Single payer healthcare is back in the news, since the introduction of a "Medicare for All" bill by Bernie Sanders. In an article for Bloomberg, "Incentives Are All Wrong for Single-Payer Healthcare", Tyler Cowen writes:
It's worth thinking through why some single-payer systems, such as those on the European continent or in Hong Kong and Taiwan, seem to work. Typically these systems were instituted while health-care costs were still fairly low, and then kept down by government fiat. The U.S. is not in that position, and it's hard to see doctors and hospitals -- powerful lobbies -- going along with significant cuts to their payments.
Essentially, most special interests in the U.S. are important parts of the "buy in" for legislative results. Tyler Cowen continues:
When it comes to access, the major problem in the U.S. is distributional: Some of the poor have insufficient access, and arguably some of the well-off have insufficient access, and arguably some of the well-off receive healthcare at too low a user price. Given Americas' love for consumption, it's probably too late to fix the latter problem.
However, there's somewhat of a paradox in the "Americas' love for consumption" argument. There are many potential treatment options across the spectrum, besides what may be suggested in the doctor's office. Many such options also happen to be less expensive. Nevertheless, alternative treatments and remedies have been systematically devalued as long as anyone can remember - not just by healthcare practitioners but in particular by major media sources. While this barrage of reasoning helped to reduce marketplace competition for professional providers and pharmaceutical remedies, it simultaneously made too many people who often couldn't pay for formal healthcare, more dependent on a system which in many respects wasn't structured to include them.

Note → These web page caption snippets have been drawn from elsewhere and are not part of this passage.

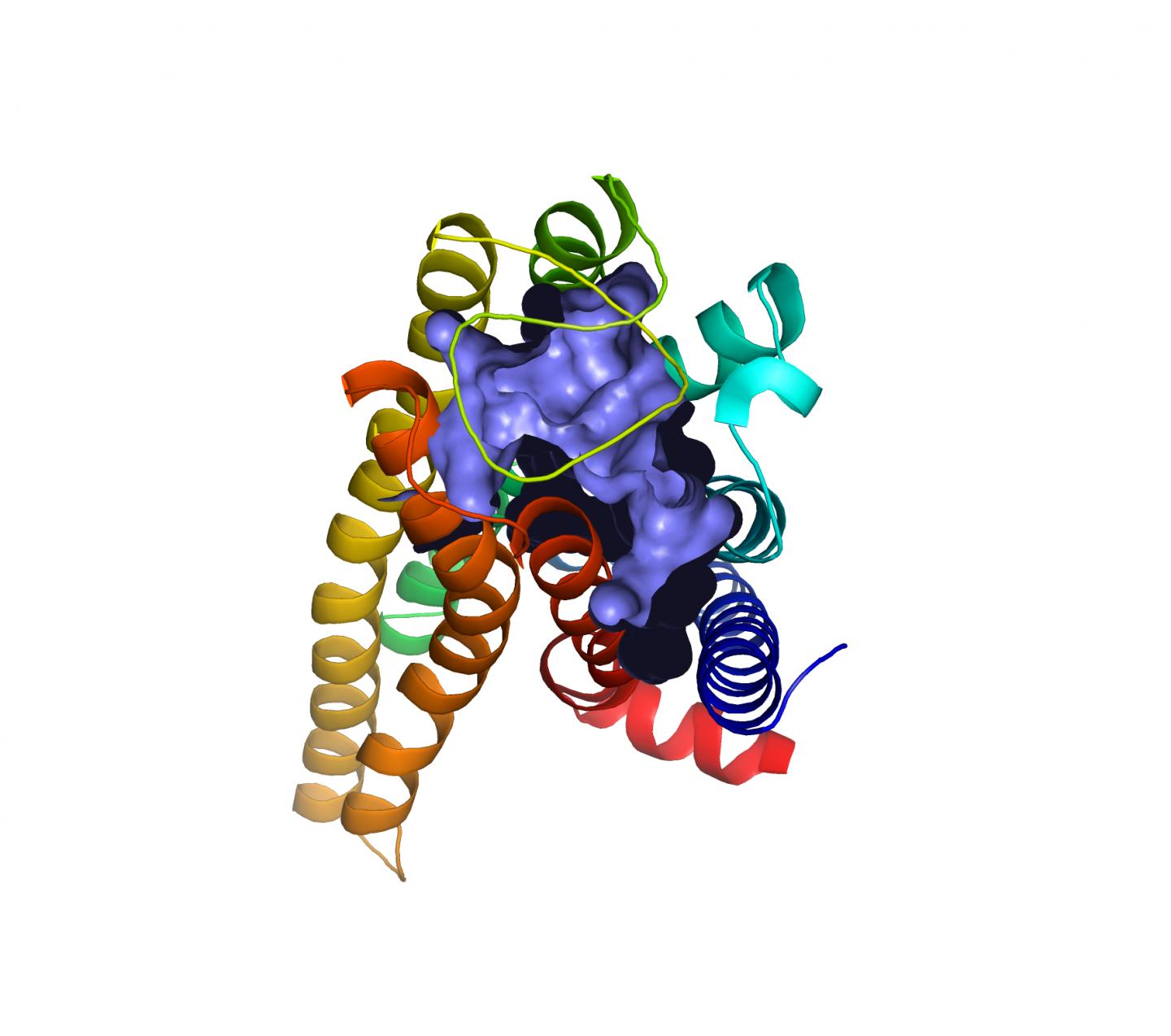 Model Presentation of Bitter Receptor TAS2R7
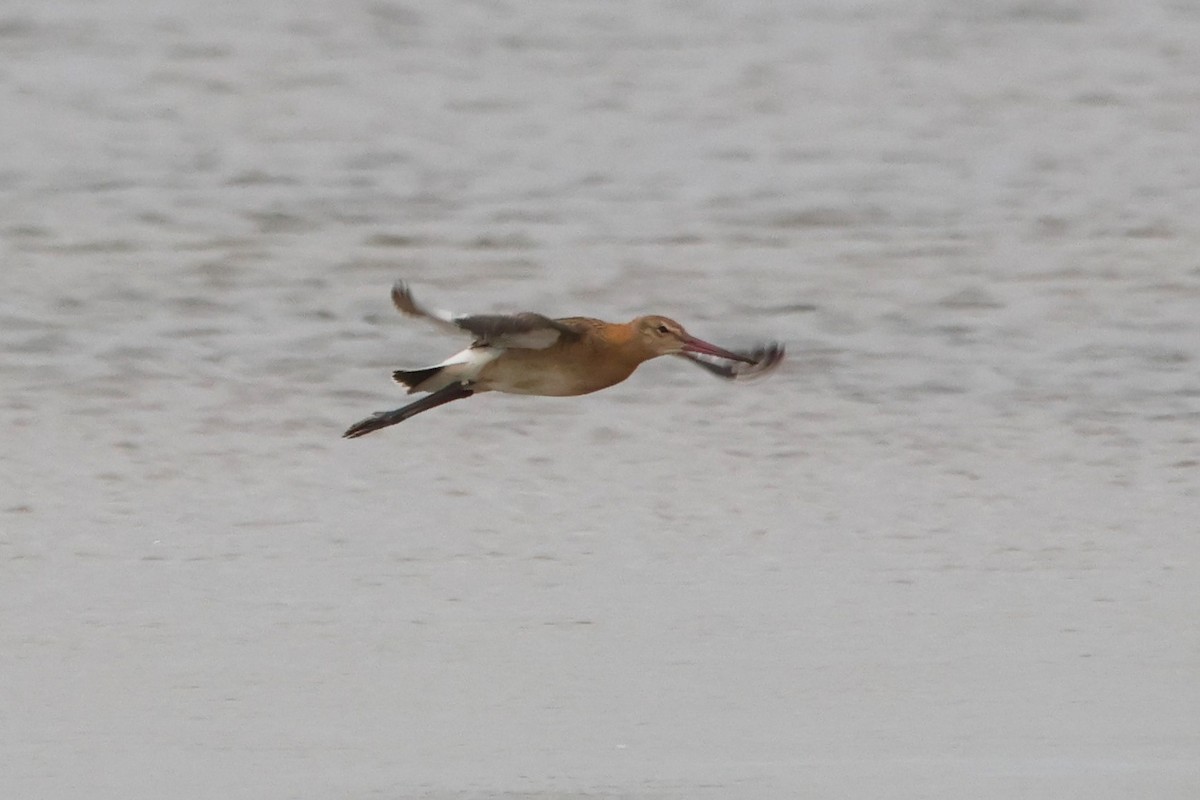 Black-tailed Godwit - ML590931491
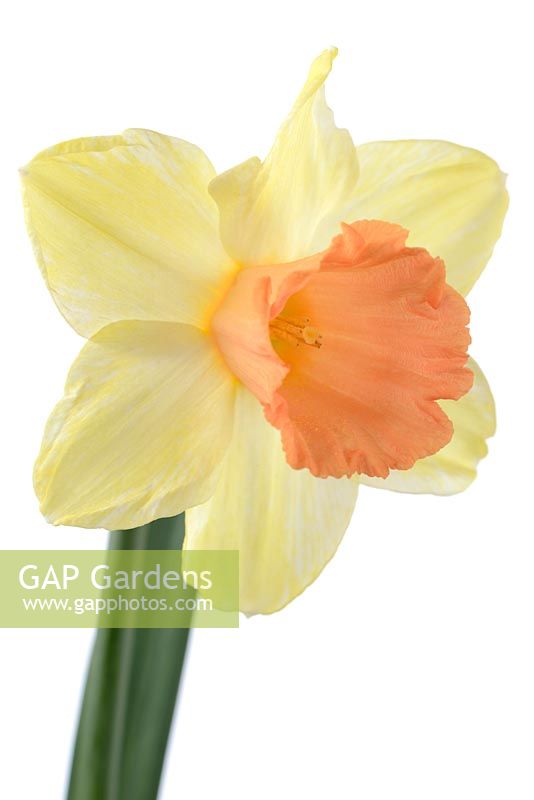 Narcisse 'Chatouillé Pinkeen '. Jonquille Div. 2 Large-cuped. Les pétales du périanthe passent du jaune au blanc à mesure que la fleur vieillit. Avril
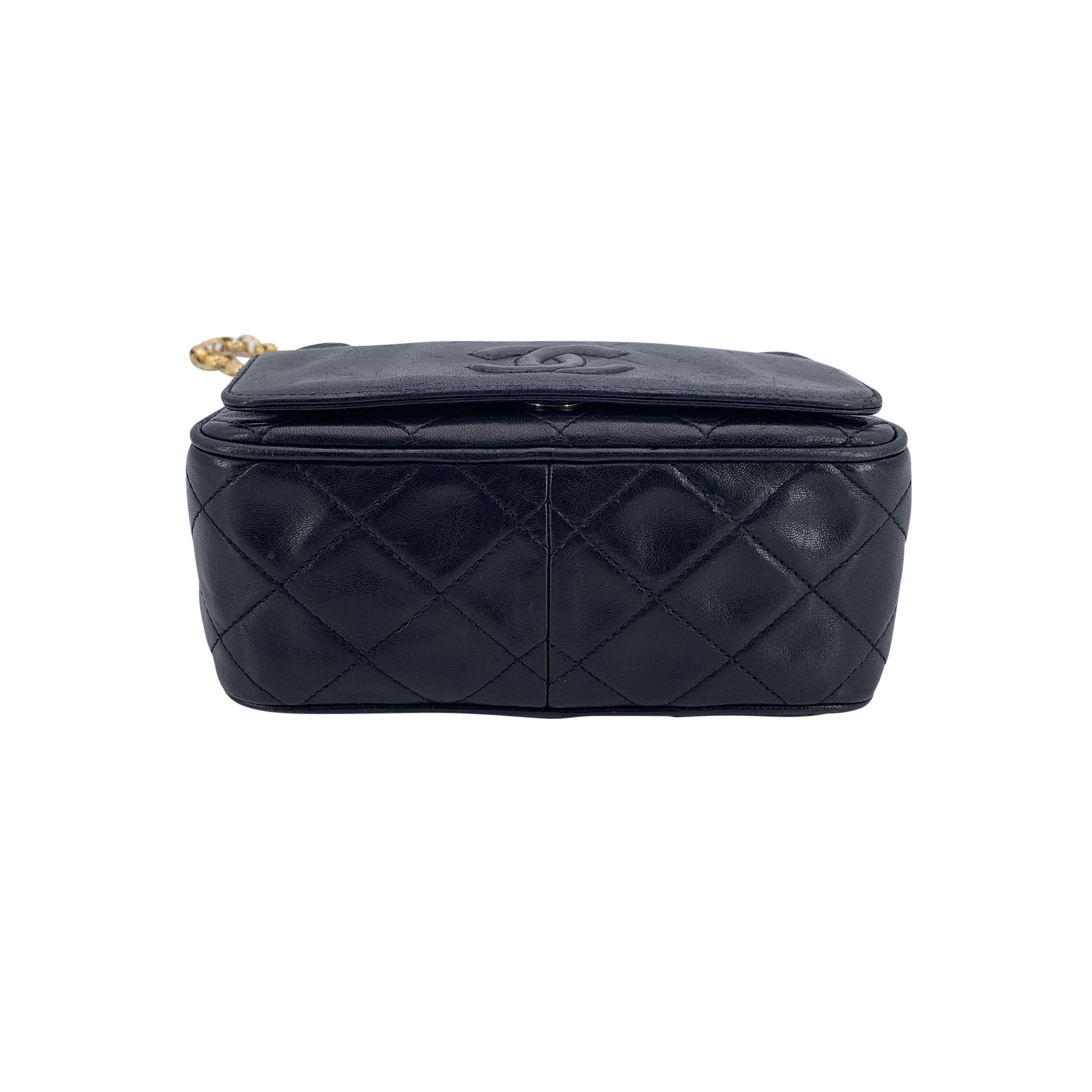 CHANEL Crossbody Bags Camera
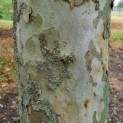 Platanus x hispanica - Afbeelding 1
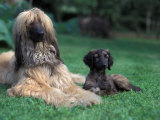 Domestic Dogs, Afghan Hound Lying on Grass with Puppy Print by Adriano Bacchella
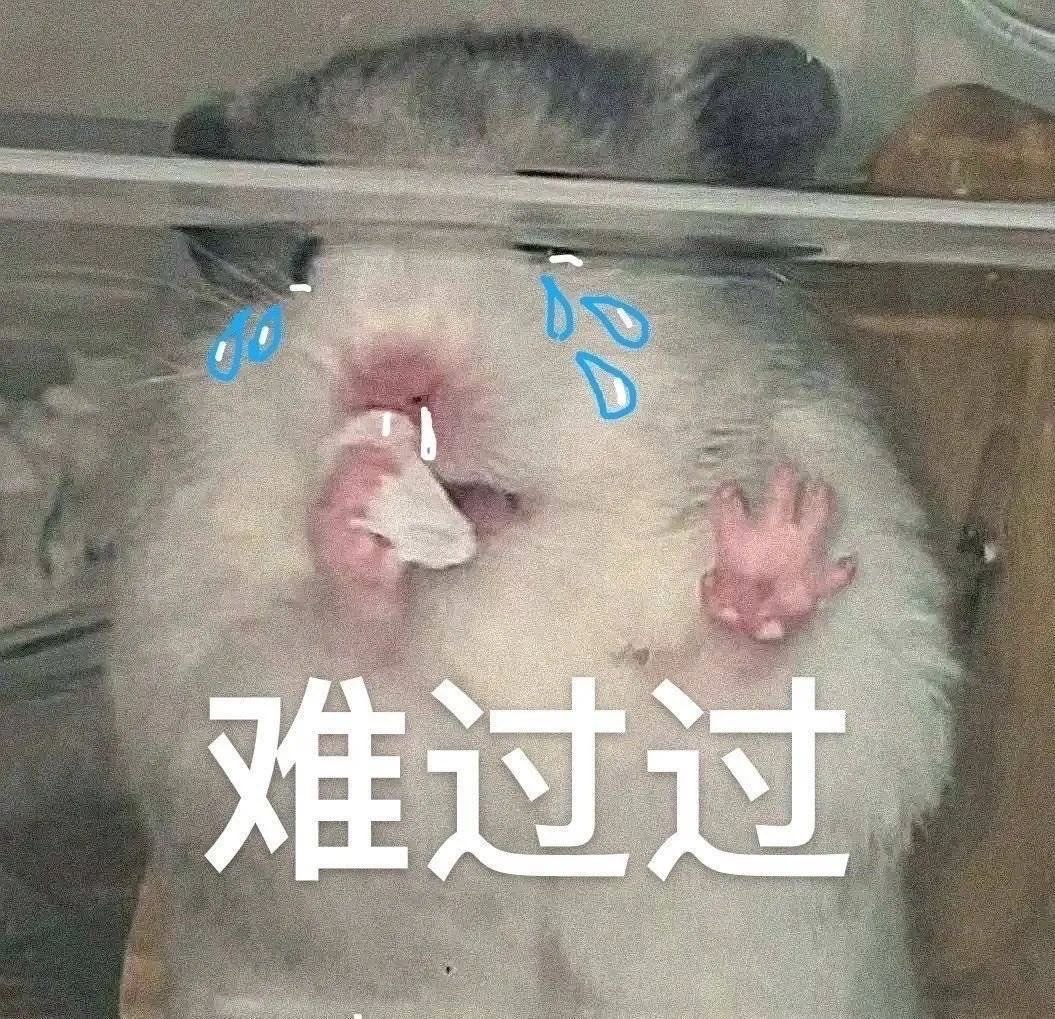 图片[25]-家人们端午安康~-喜欢表情包分享—全网表情包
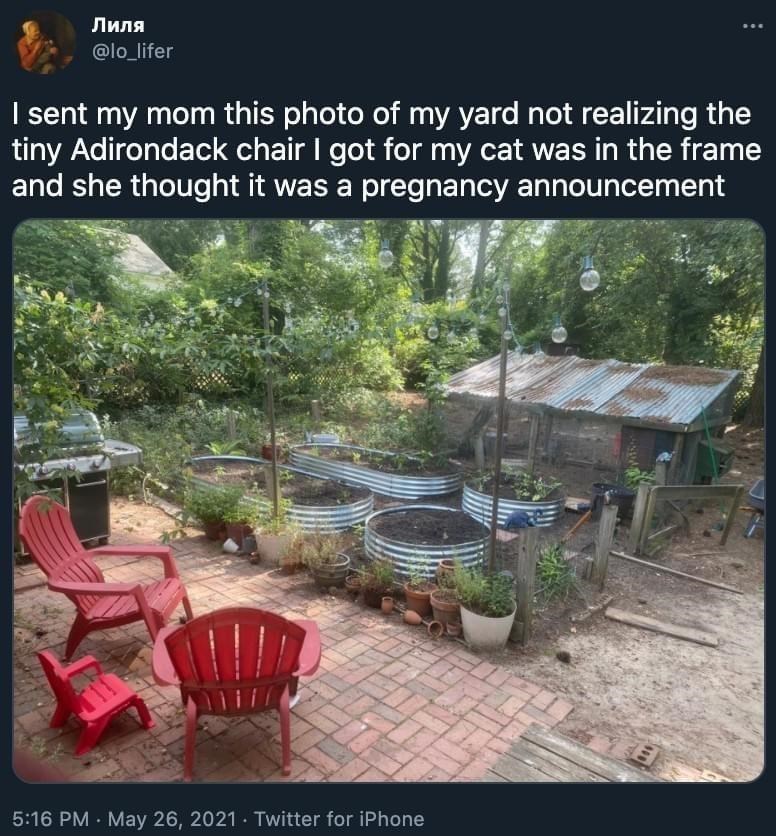 a+cat+counts+as+a+baby+to+some+people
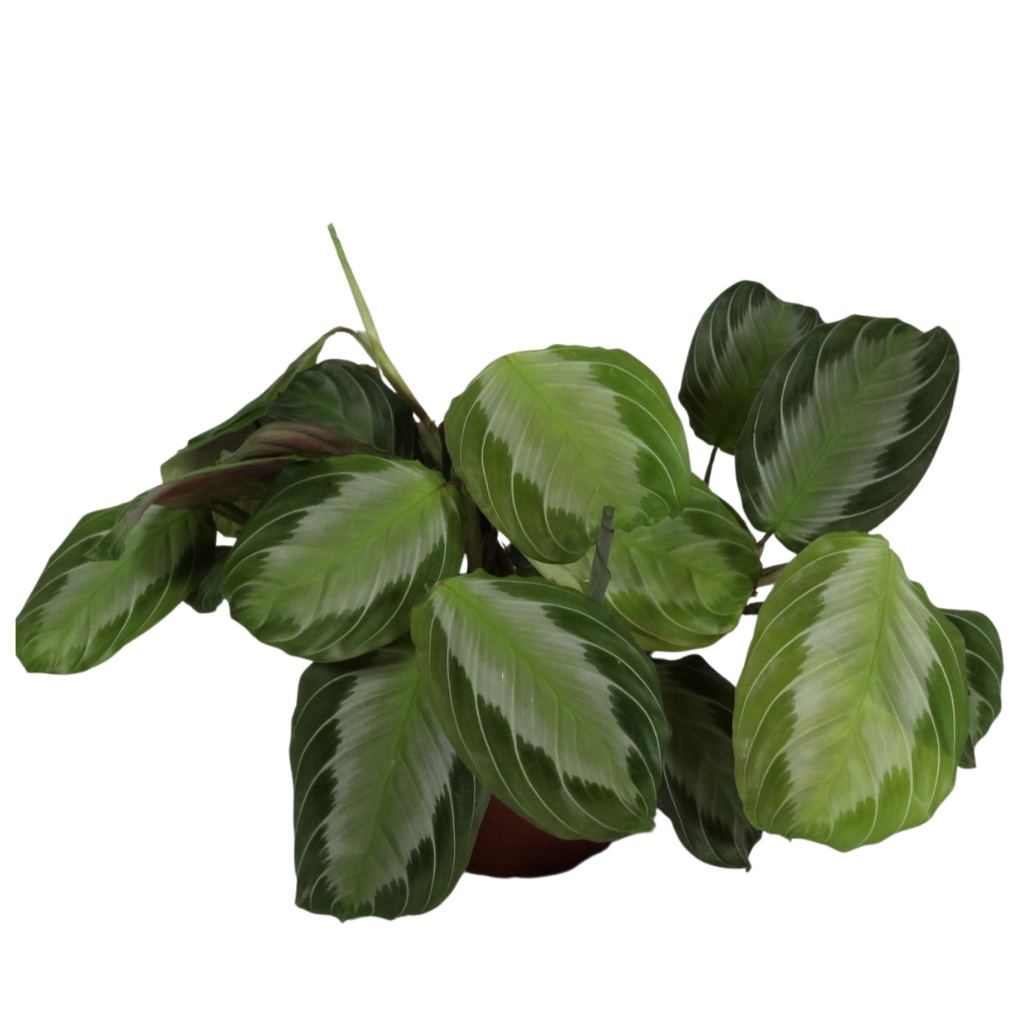 Maranta exclusive Grey 30cm 12cm Pot
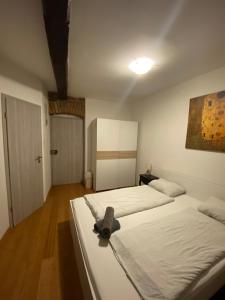 Rooms and apartments Nokturno
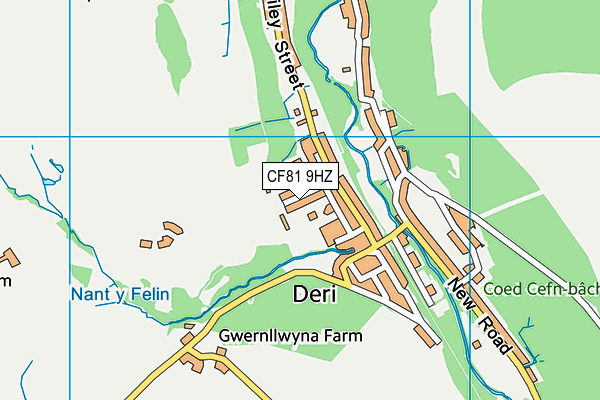 Deri Primary School map (CF81 9HZ) - OS VectorMap District (Ordnance Survey)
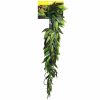 Tradescantia Cascading Plant 72cm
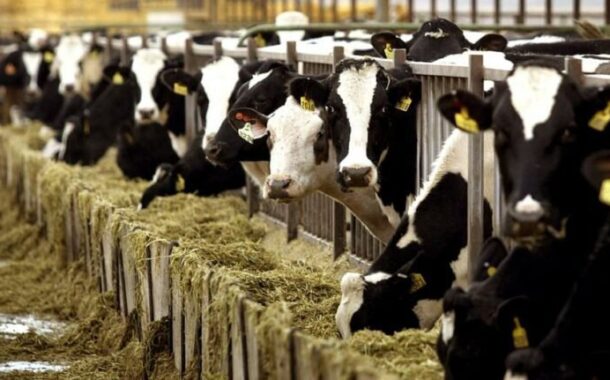 Κατασκευή δεξαμενών σε Τίμη και Αναρίτα για απολύμανση των οχημάτων που εισέρχονται στις κτηνοτροφικές μονάδες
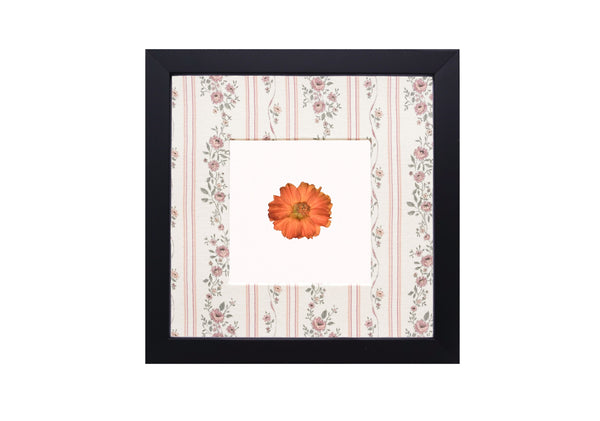 Birth Flower Frame Border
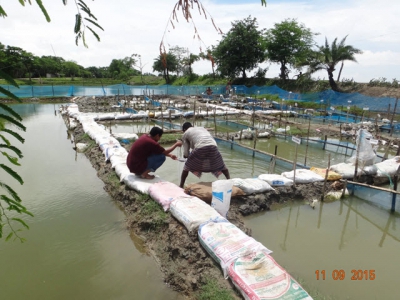 Giảm nhu cầu thức ăn trong nuôi trồng thủy sản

For decades I've observed the effects of "alternative healthcare product is bad/worthless/dangerous" reasoning, in spite of the fact formal healthcare has its own risks. Risks go with the territory! And while the intent of many healthcare professionals may have been to preserve the loyalty of high paying customers, they inadvertently gained the loyalty of low income customers who not only lost faith in lower cost alternative options, but also tended to prefer guaranteed access to treatments with built in higher costs.

Indeed, the government fiat which Cowen mentioned in the above quote, probably makes it simpler for other governments to include older tried and true methods alongside current medical remedies and procedures. Given the chance to visit other countries, I like to imagine that I would not encounter the negative media attitude towards informal and alternative methods, which exists here.

Healthcare in the U.S. is a more substantial problem at an equilibrium level, than elsewhere. Once governments set up processes in which they are expected to "give something back" (subsidies for those who can reciprocate) for legislation, that's difficult to change.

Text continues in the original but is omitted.